With Vote on Hand But Not Equality, Paul Wrote ERA

July 20, 1923: Alice Paul introduces the Equal Rights Amendment.

July 20, 1923: Alice Paul introduces the Equal Rights Amendment.

Alice Paul, 1915

(WOMENSENEWS)–

Just three years after the 19th Amendment to the U.S. Constitution gave women the right to vote, the initial excitement had dissipated. Many organizations that fought for suffrage had disbanded and an air of satisfaction prevailed. But for Alice Paul and the Women’s Party, arguably the most radical group in the movement, the fight had only begun.

July 1923 saw great hoopla in Seneca Falls, N.Y., where the struggle for women’s rights had begun in 1848. The 75th anniversary of the original women’s convention was celebrated with over-the-top pageantry, including a parade of 100 women in flowing purple gowns and a tableau depicting the moment when Elizabeth Cady Stanton first uttered the thought that women should vote. Stanton’s daughter, herself a prominent activist, spoke, and a closing motorcade rode to nearby Rochester to a memorial for Susan B. Anthony.

But Paul was looking to the future and to unfinished business. Paul considered the suffrage victory minimal, just a first step. On July 20, at the Presbyterian Church in Seneca Falls, she announced that continuing sex discrimination called for yet another constitutional amendment. Rather than mount piecemeal campaigns against every discriminatory law, the Women’s Party had formulated what they called "a marvel of simplicity," an amendment stating: "Men and women shall have equal rights throughout the United States and every place subject to its jurisdiction."

It was back to the barricades, then, and the Women’s Party created and distributed a weekly newspaper called Equal Rights to support the campaign.
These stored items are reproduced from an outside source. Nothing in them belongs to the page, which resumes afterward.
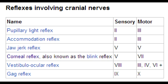What is the afferent nerve that helps cause the jaw jerk reflex? The afferent nerve is the sensory mandibular nerve, which is the third branch of the trigeminal nerve. The efferent nerve that helps cause the jaw jerk reflex is the motor mandibular nerve, also the third branch of the trigeminal nerve.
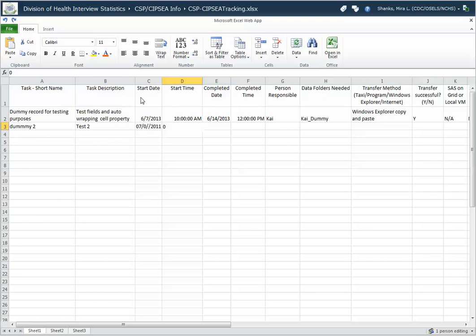I'm tabbing from one field to the other. I see it didn't correct that date with the two slashes. I'm going to go back.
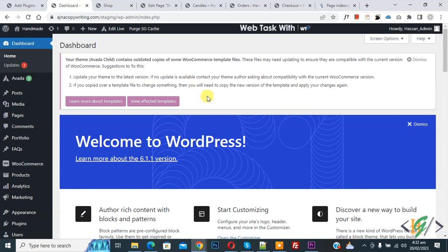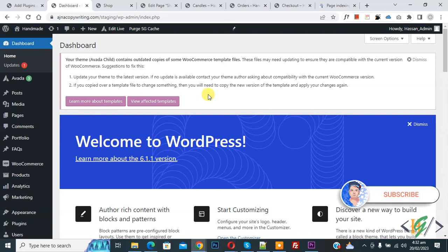Bismillahirrahmanirrahim. Assalamualaikum, my name is Asan and today we are going to change WordPress website title tag using Yoast SEO for Google search. Before starting work, it's my request please subscribe my channel. Thank you, now back to our work.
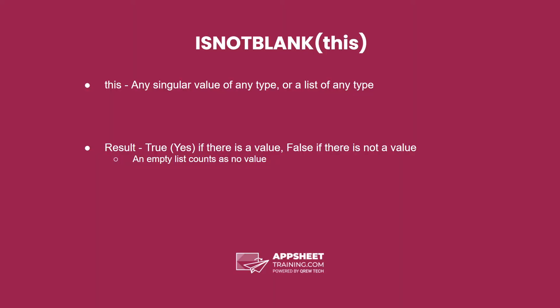The syntax is the words is not blank with no spaces, an open parentheses, a value of any type or a list of any type, and a closing parentheses.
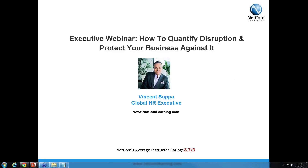Welcome everyone. I'm Bradley and I'll be our moderator today. Thank you for joining us here at NetCom Learning. As a company that provides training, learning, and talent development solutions and wants to promote lifelong learning, we're happy to host today's webinar on how to quantify disruption and protect your business against it.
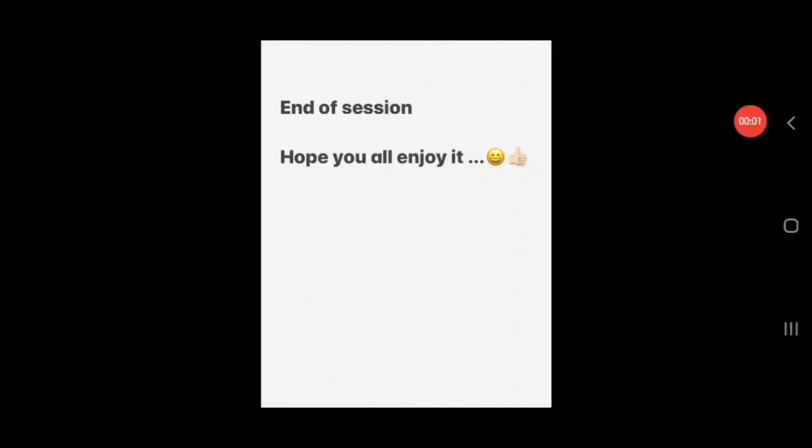End of session. Hope you all enjoyed it. See you in the next lecture.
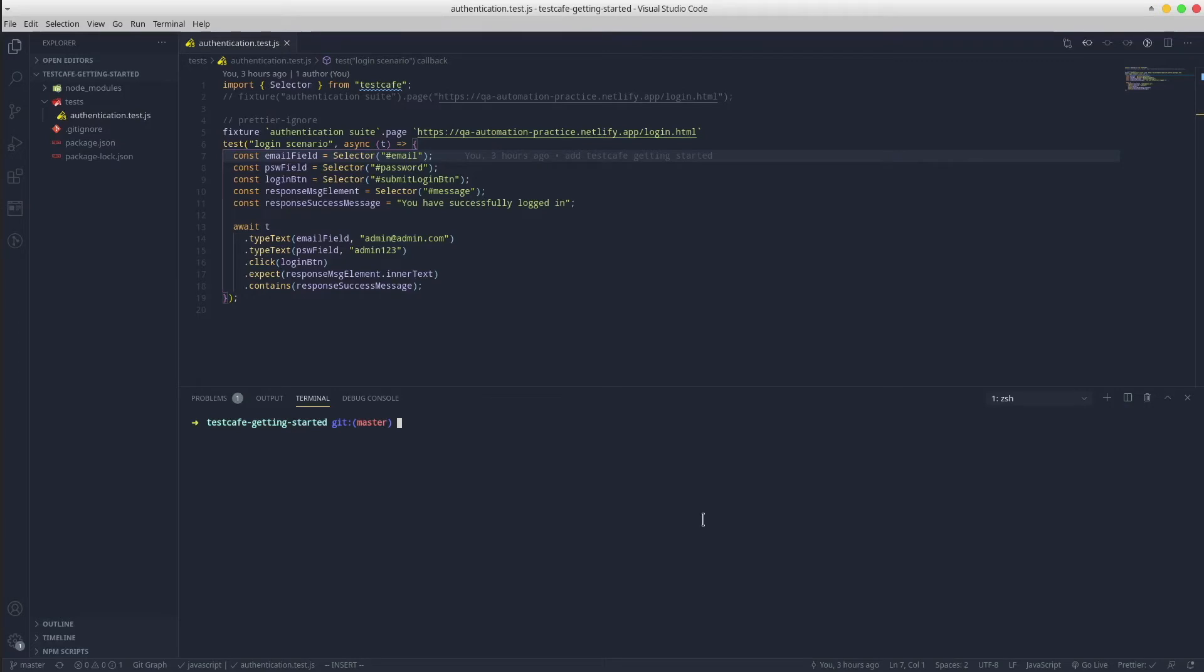Hey guys, how is it going? In today's tutorial we will learn how to run TestCafe tests in parallel to reduce the overall execution time. The starting point is the project that we've created step by step in the previous tutorial. However, you can find its link in the description below.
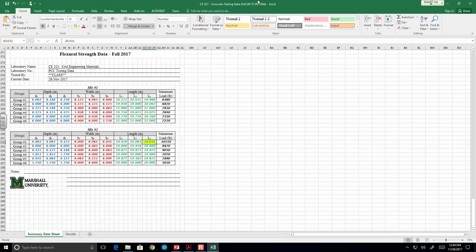Ignore the wet and dry curing conditions for this report. Next year I think our concrete mixes are going to have larger yields — I'm going to shoot for 12 cylinders instead of nine, cure half in the back and half in air, test both, and see the difference between wet and dry curing conditions. I also think I'm going to have each group have a unique water-cement ratio, which will create some variability in the data.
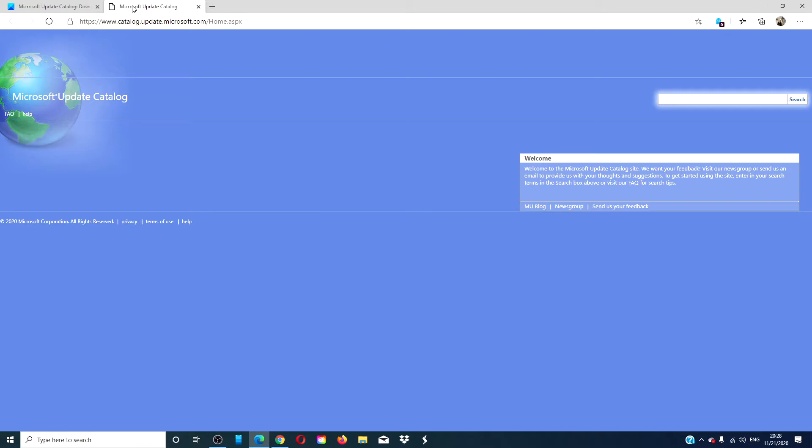Then, download the updates. Now, you might be asked to install an ActiveX download control to be able to download the files from this site.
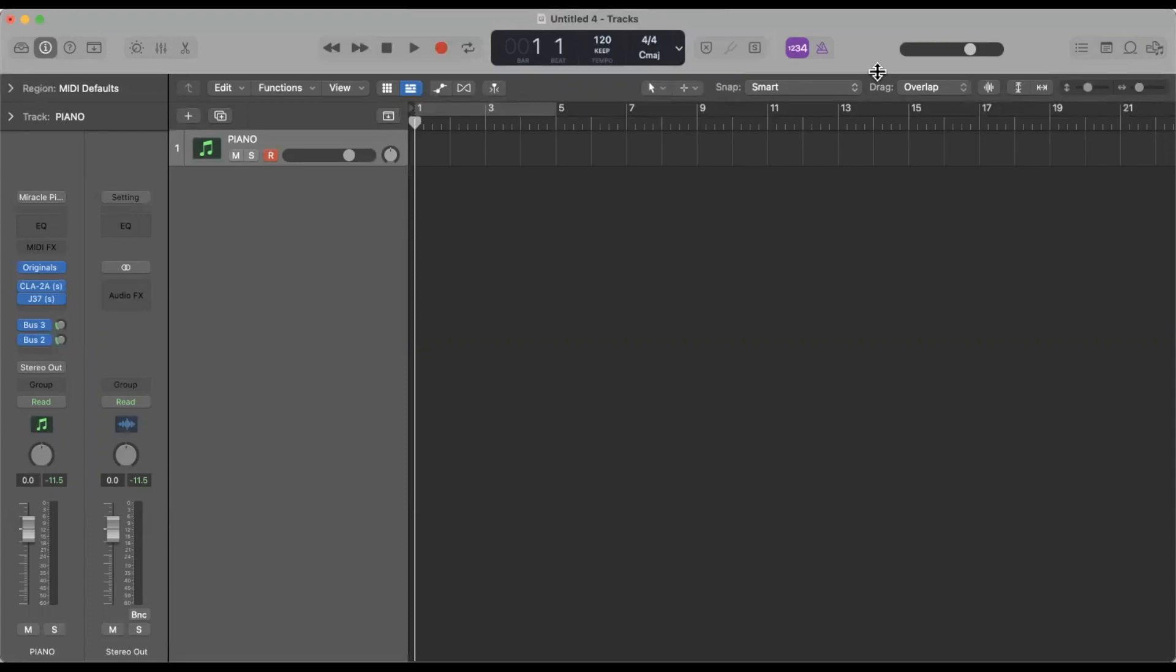In this video I want to go over a few ways to use the editor window specifically with MIDI. We'll do another video on using audio in the editor window. In the last video we covered how to get to it, but in this video I want to do a deep dive on how I use the editor window to control MIDI.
By the end of the year, bills to enact the "Equal Rights Amendment" were introduced in both houses of Congress. The opposition this time, however, came from women. Many who had fought for the vote alongside Paul were also longtime advocates of worker’s rights, including protective legislation for working women, which the ERA would abolish.
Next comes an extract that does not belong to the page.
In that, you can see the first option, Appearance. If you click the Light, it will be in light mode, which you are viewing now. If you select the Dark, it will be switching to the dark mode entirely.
The debate over the next five decades often seemed like class warfare as manufacturers and employers supported the amendment while unions and trade associations opposed it.

The unratified ERA languished until 1972 when, on the wings of a resurgent women’s movement, the amendment was reintroduced, passed by Congress and sent to state legislatures for ratification.
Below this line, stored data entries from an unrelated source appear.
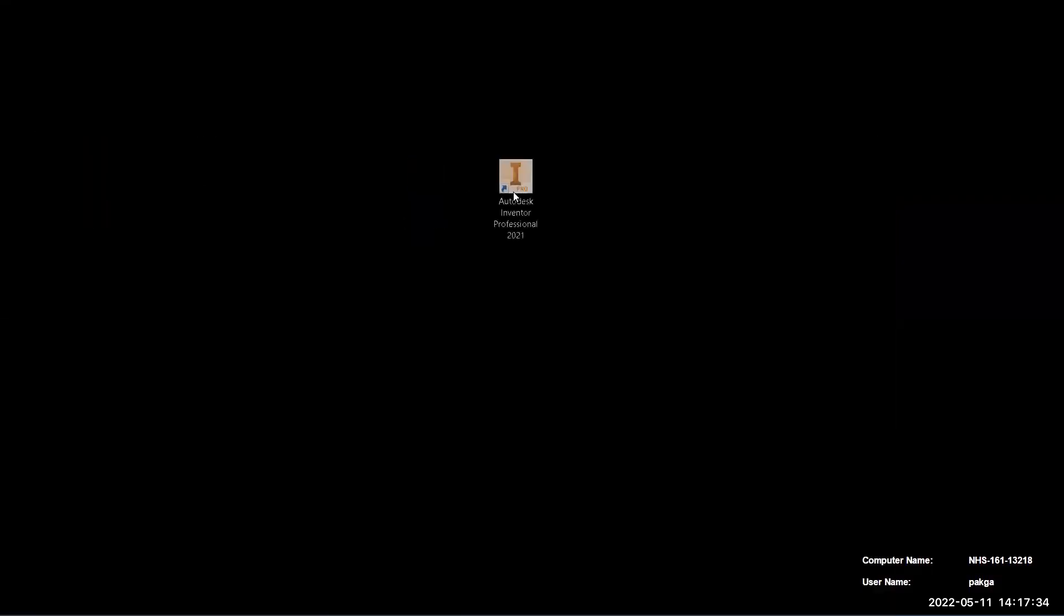All right, next up, you're going to go to your desktop, and you're going to find Autodesk Inventor Professional. Note 21 is what we have installed right now, so double click on that, and it will eventually load up. Mine's loading up on the other screen here, but eventually it'll pull up here, and then we'll take our next step.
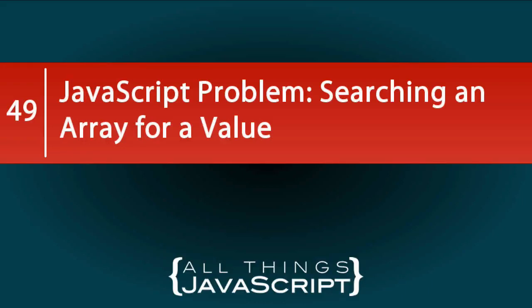In this edition of JavaScript Problems, we are going to deal with a simpler issue, but one that is still important in a lot of applications. We are going to look at how you would search through an array.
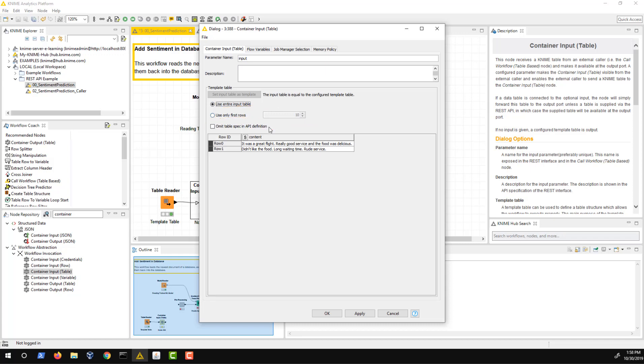This template serves two purposes. First, if no input table is provided when the workflow is called via the REST API, the values from the template are used by default for executing the workflow. Second, the table is used to define the format that the web service expects. If the format differs, the web service will send an error message. The advantage of this template technique is that the input is passed automatically and converted into the specified types.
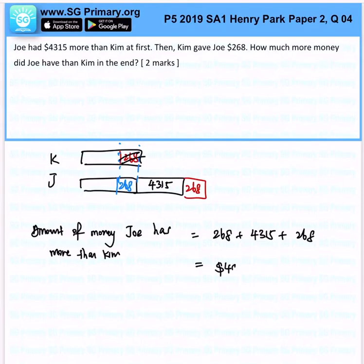That will give us $4,851. That is the answer for this question.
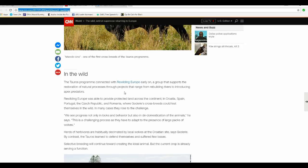We see progress not only in looks and behavior, but also in the de-domestication of animals, he said. This is a challenging process, as they might have to accept the presence of large packs of wolves. Herds of herbivores are habitually decimated by local wolves at the Croatian site, says Goddiri. By contrast, the Taurus learned to defend themselves and suffered few losses.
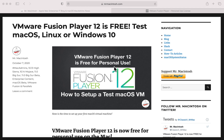VMware has recently announced that the Mac version is now free for personal use. So if you've ever wanted to test different versions of macOS, Linux, or even Windows 10 on your Mac in a virtual machine, now is the time to start. In this video I'm going to go over how to register your account, download the installer, and use it to configure your first macOS VM. Let's get started.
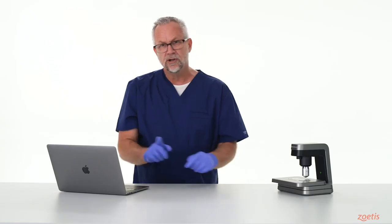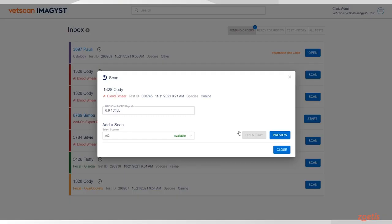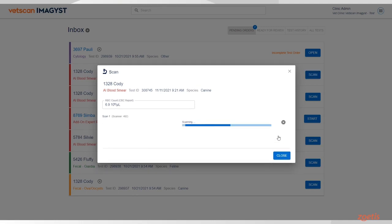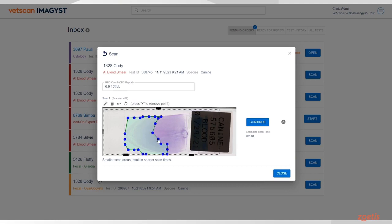Return to VetScan Imagist and click on the Preview button. When the preview appears, review the suggested scan area and estimated time to scan. Adapt if necessary by moving one of the blue dots to a different position.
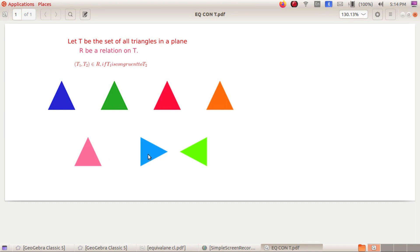Now consider three triangles: T1 is congruent to T2, and T2 is congruent to T3 — then automatically T1 is congruent to T3. So this relation is transitive. Therefore, relation R is reflexive, symmetric, and transitive, so it is an equivalence relation.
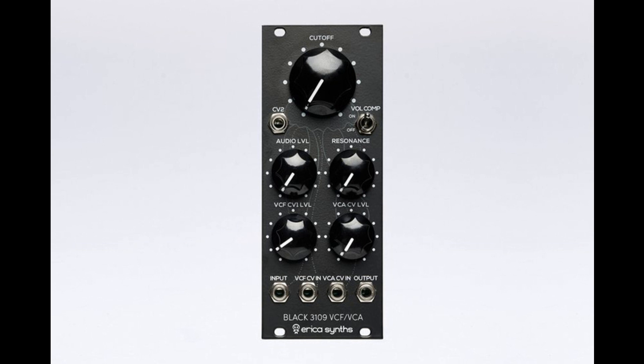Erika Sintz announces its Black 3109 VCF/VCA Eurorack module, a low-pass filter and voltage-controlled amplifier combo.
Octogenarian Alice Paul hit the campaign trail again. This time, while workers, unions and their advocates supported the measure, a different stripe of female opponent emerged. Phyllis Schlafly and others, pushing back against the tide of progress made by the women’s movement, mounted a propaganda campaign claiming that "equality" would mean same-sex toilets and husbands’ decamping free of economic responsibilities for their families. Three states short of ratification, the ERA died.

The ERA sits before Congress once more, awaiting action. Introducing it earlier this year, Rep. Carolyn Maloney of New York said, "We are tired of running around stopping inequality when it rears its ugly head." Sounds a lot like Alice Paul.

Louise Bernikow is the author of seven books and numerous magazine articles. She travels to campuses and community groups with a lecture and slide show about activism called "The Shoulders We Stand On: Women as Agents of Change." She can be reached at louise@womensenews.org.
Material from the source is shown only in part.